Нет у нас издания, где могли бы печататься обзоры действительно важных событий общекультурного значения. ПНР была меценатом с крутым характером, который безжалостно обрезал цензурной гильотиной многие стоящие вещи, а то, что ей подходило и могло найти признание в глазах мира, официальной пропагандой поднималось на щит как высшие культурные ценности. Сегодня же все делается от случая к случаю, можно сказать, царит хаос. Сперва была школа с достаточно суровым режимом, детей загоняли в классы насильно, а потом вдруг звонок, перемена, все разбежались, и больше никто ничего ни от кого не требует. С трибуны сейма не слыхать ни одного словечка о культуре. Зато иногда до меня доходят слухи, что этот Лем - старый дед, который питается неходовыми, немодными новостями из допотопных времен. Но мода не в том, чтоб снять трусы и так ходить!

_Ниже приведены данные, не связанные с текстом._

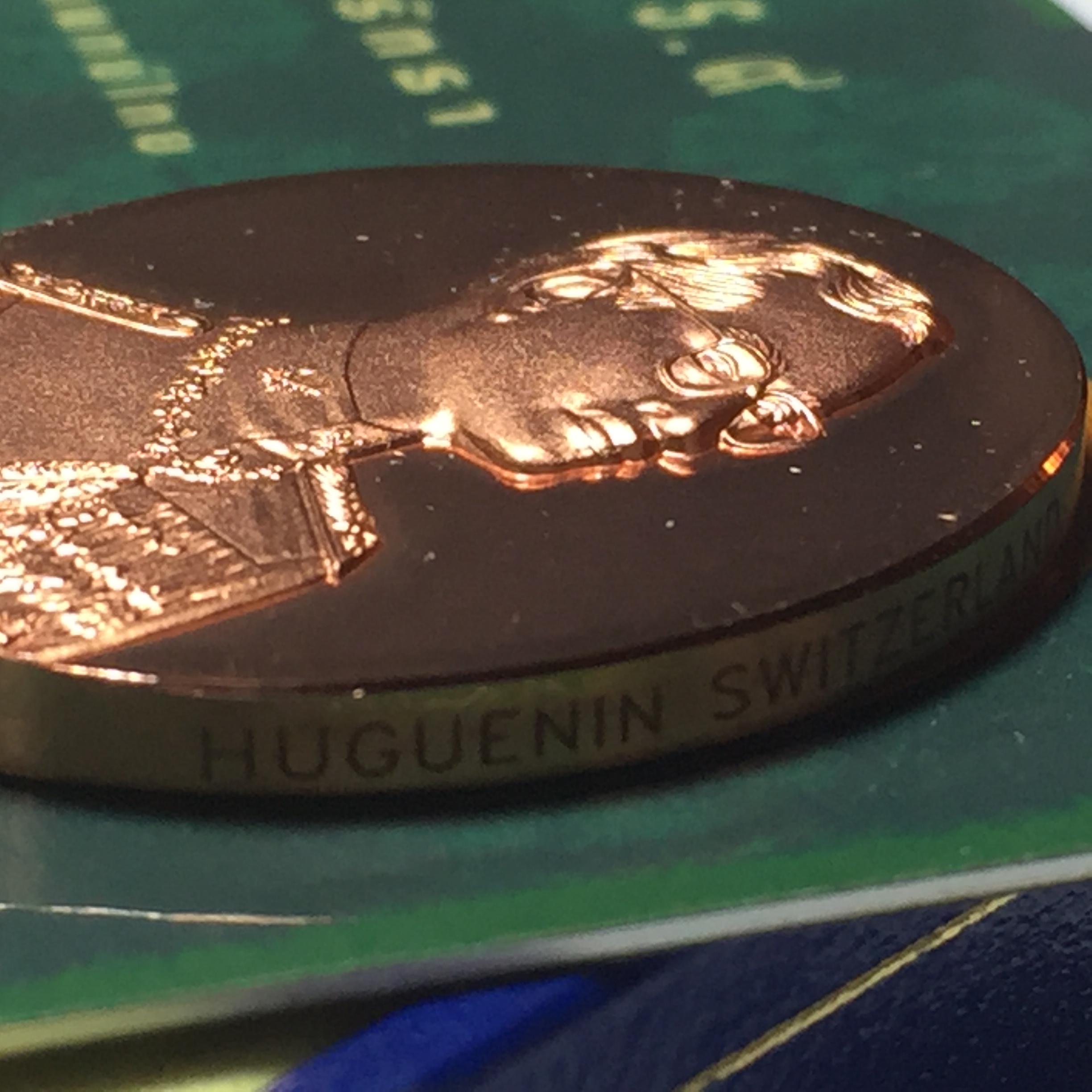 เหรียญแห่งศรัทธา ร.9 ที่ระลึก50 ปีแพทย์ศาสตร์ จุฬาฯ ปี2540 เนื้อทองแดง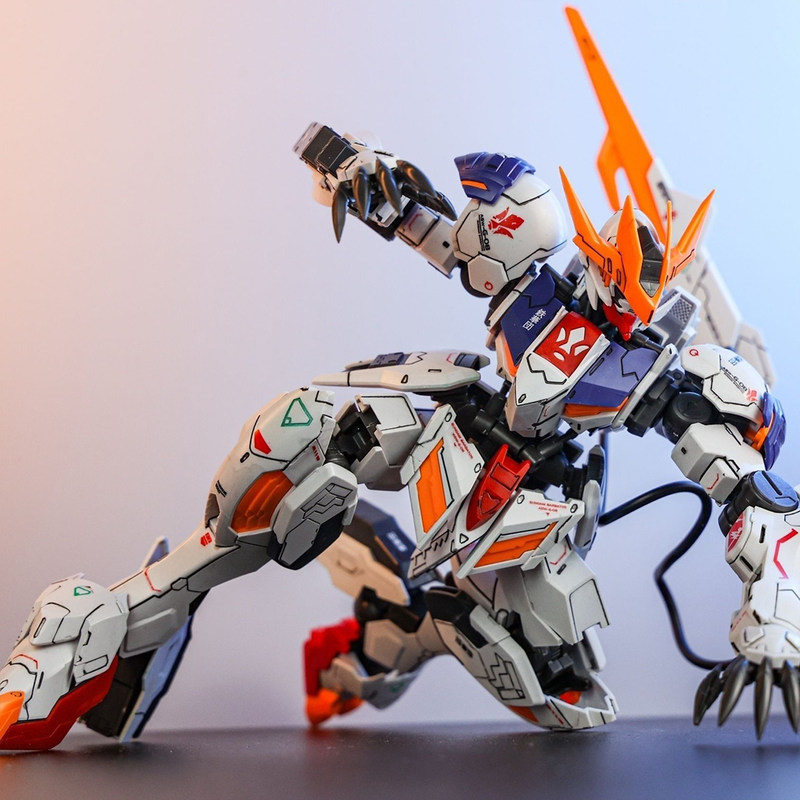 Max Tv03 1/100 Barbatos Lupus  – Model Kit Oberon recenzja i cena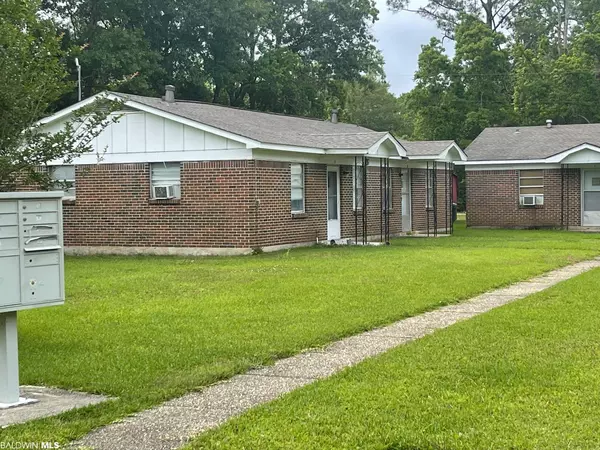 Robertsdale, AL 36567,18272 Sidney Avenue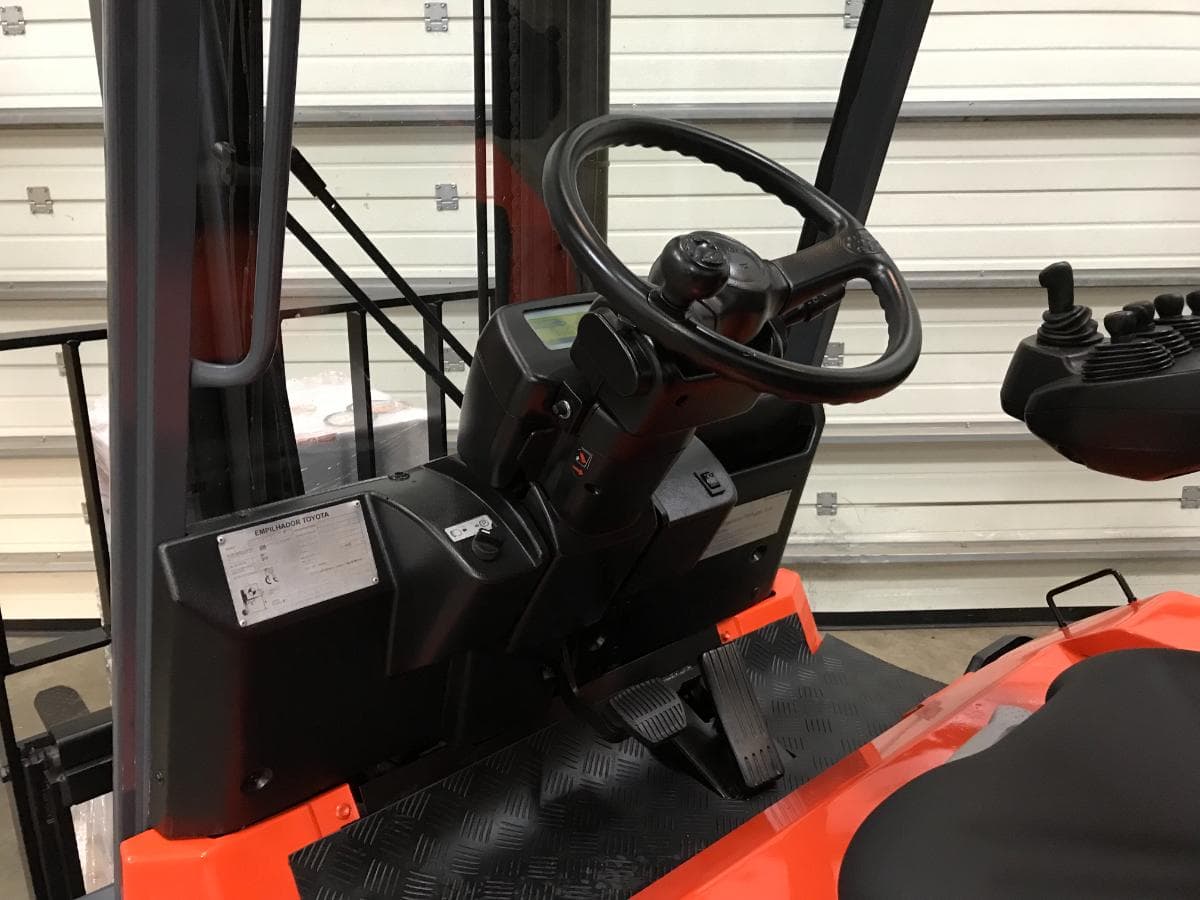 Empilhador Eléctrico Toyota 3000 KG — imagen 9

Уход из жизни Милоша был равносилен тому, как если бы обрушился Гевонт. Его духовное присутствие было настолько мощным, что ощущалось чуть ли не физически. Почти в каждом номере "Тыгодника" печатался милошевский текст, и создавалось впечатление, что он всегда на страже. Таких художников с их великим творчеством не заменишь компьютерными играми.